On the 'other' forum, several gentlemen have experienced head gasket failure using ARP bolts that were manufactured slightly too long. They bottomed out in the block, failing to clamp down the head. Used factory stuff for me, when it comes to head bolts. Not saying ARP are bad, just some were too long. I would measure them prior to use! Also, be very careful what type of rag you use if you are tempted to wipe down internal engine parts. Lint can accumulate in the strangest places and block oil passages. Great post, Jim!


----------



## Shake-N-Bake (Jun 16, 2015)

Thanks for the tip about chasing taps for rent. I hadn't thought of that but after reading your post I went down to AutoZone and sure enough they had a set. Going through my block now. Will wash it when done and then I need to spend a few days with micrometers and a notepad.
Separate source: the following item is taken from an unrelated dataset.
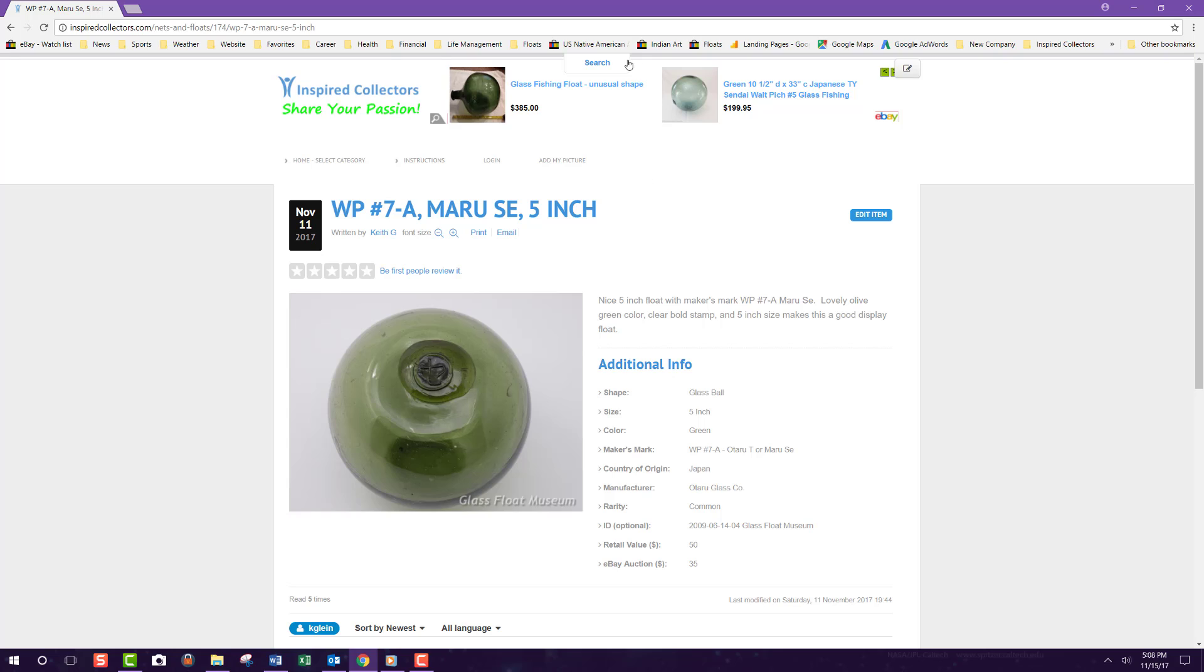You can also do a search from an item page. Well, that's all there is to it. Now you're able to use the search and filter.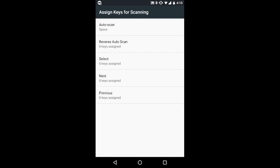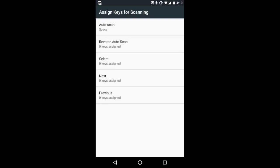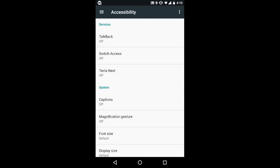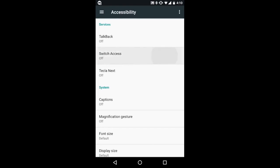If you are not using auto scan, turn off auto scan, go to assign keys for scanning, select a scanning action, i.e. select.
Hopefully the machine shop has everything within tolerances.


----------



## RMTZ67 (Mar 12, 2011)

*Head studs*



PontiacJim said:


> Things not thought about when rebuilding the engine.
> 
> There are options when choosing head bolts when the time comes.
> 
> ...


Wow, you are correct in saying its a easily overlooked part of a build. I decked my 400 somewhat and a slight mill on the heads. I did not see no obvious issues when torquing but worth a look. Thanks for the post.


----------



## BearGFR (Aug 25, 2008)

There's also such thing as having head bolts too short. D-port heads use different length bolts from Round Port heads, which use different which bolts from aftermarket heads. Getting this wrong is dangerous too, especially if you go to torque down a head bolt that's too short, so short that it doesn't engage more than a few threads in the bolt hole. It can rip those threads right out of the block.

Bear


----------



## tiretread (Sep 28, 2015)

Good thread. Just about to put 093 heads on my 389. Spent this past weekend cleaning the threads.


----------



## 69_Custom_S (Jan 17, 2018)

This past spring I put together my 400 with original head bolts and I ran into water in the oil on the first startup from the head gasket not sealing properly. After checking and rechecking I figured out that the head bolts were just barely bottoming out. I ordered and installed ARP head studs and new head gaskets and it solved the issue. Since the threads on the studs are longer they were able to reach and provide the correct torque. A lot of posts on the forum say reusing the original head bolts is fine and I agree BUT if you decide to reuse original head bolts I would recommend measuring each bolt threaded all the way in and then measure the head and head gasket to make sure they will be short enough to clamp down to the proper torque reading without bottoming out, this is likely more critical in motors with decked blocks/ milled heads/ thin head gasket.


----------



## 11th Indian (Feb 15, 2018)

Used some old head bolts to make a thread chaser, compressed air and a shop vac to prepare my LS7 project for a heads / cam last year.


----------